*YOUR OBJECTIVE:*
From the line with "Jackpot Interagro &" to the line with "Daily Strength v.", retype each line exactly as it stands in the records below, but skip the pictures.

*DATASET CONTENT:*
_ _ _ _
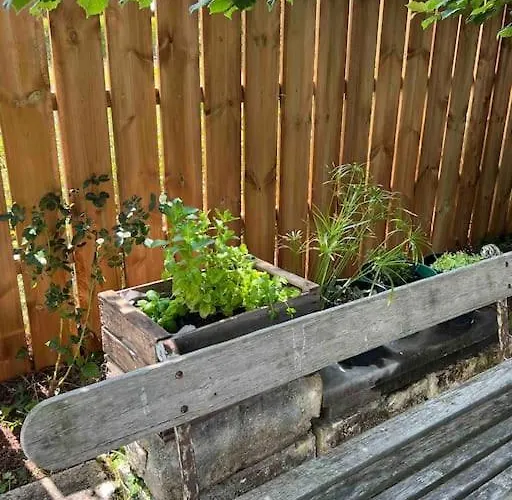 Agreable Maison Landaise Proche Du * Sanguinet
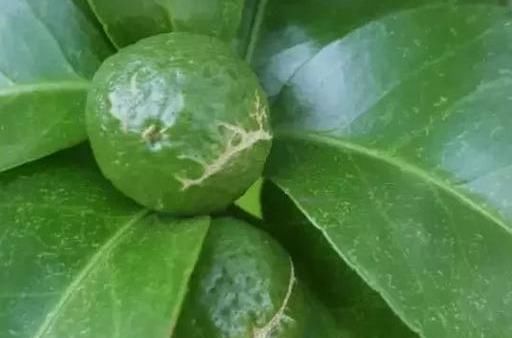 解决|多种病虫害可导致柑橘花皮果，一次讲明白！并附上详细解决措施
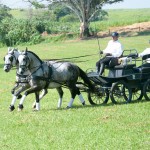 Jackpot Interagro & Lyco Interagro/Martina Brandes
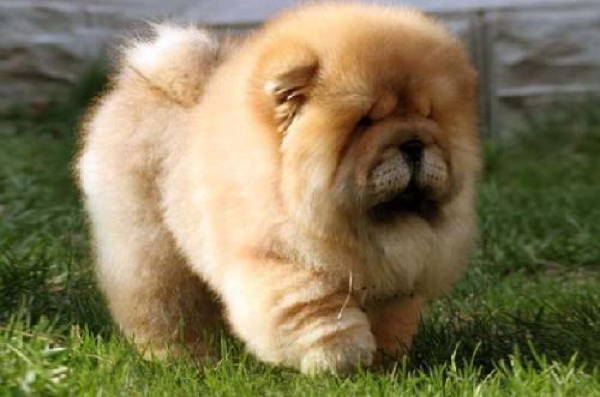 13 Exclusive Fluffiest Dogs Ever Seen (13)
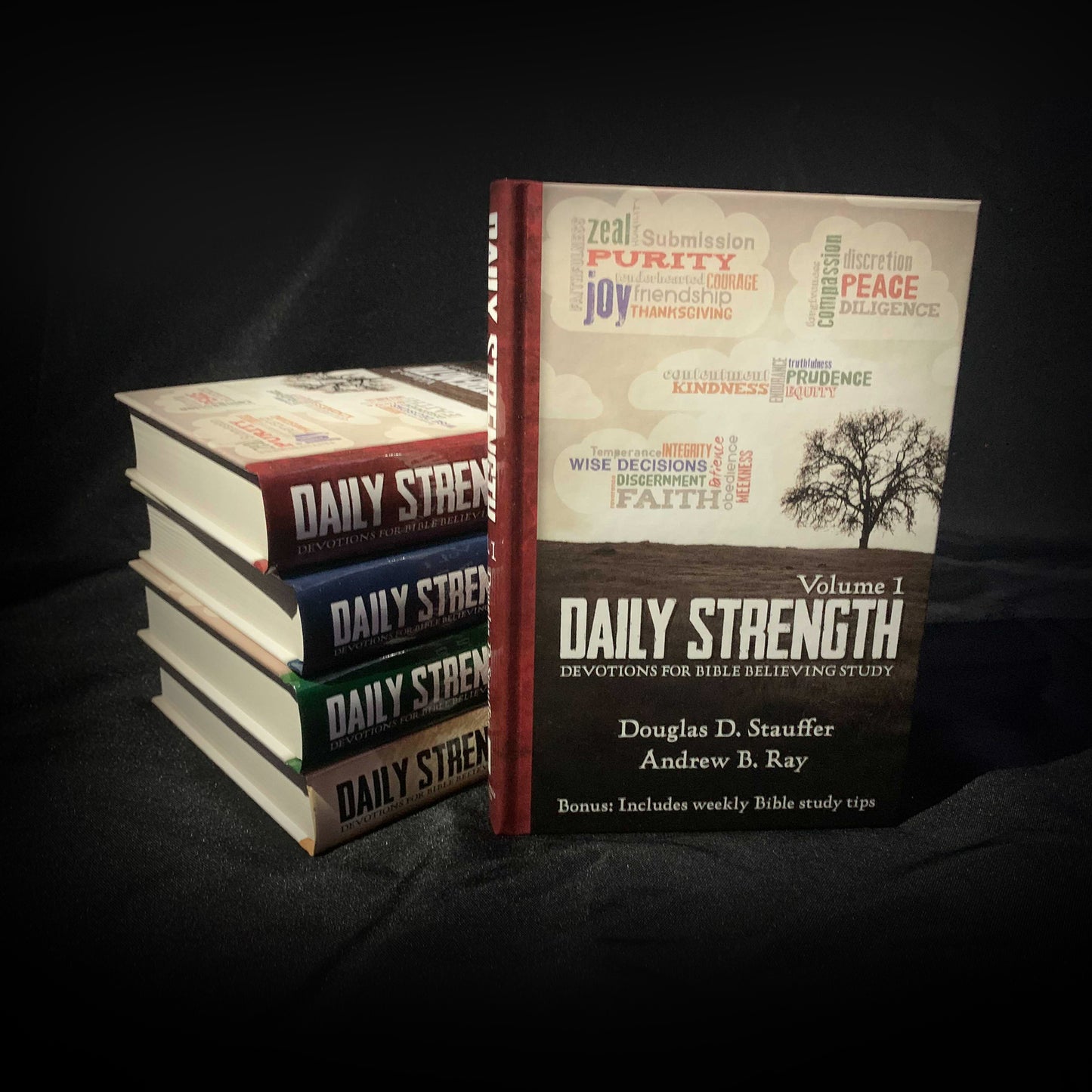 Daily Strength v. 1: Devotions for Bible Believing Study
_ _ _ _
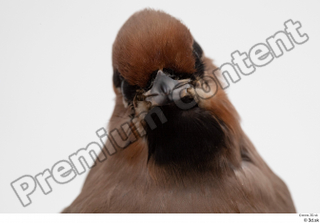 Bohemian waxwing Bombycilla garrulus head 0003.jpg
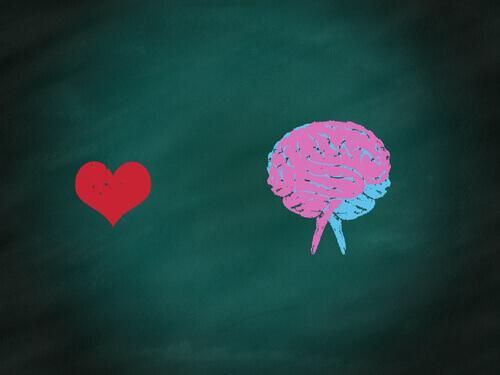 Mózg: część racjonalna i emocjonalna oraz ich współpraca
_ _ _ _
*EXERCISE ANSWER:*
 Jackpot Interagro & Lyco Interagro/Martina Brandes
 13 Exclusive Fluffiest Dogs Ever Seen (13)
 Daily Strength v. 1: Devotions for Bible Believing Study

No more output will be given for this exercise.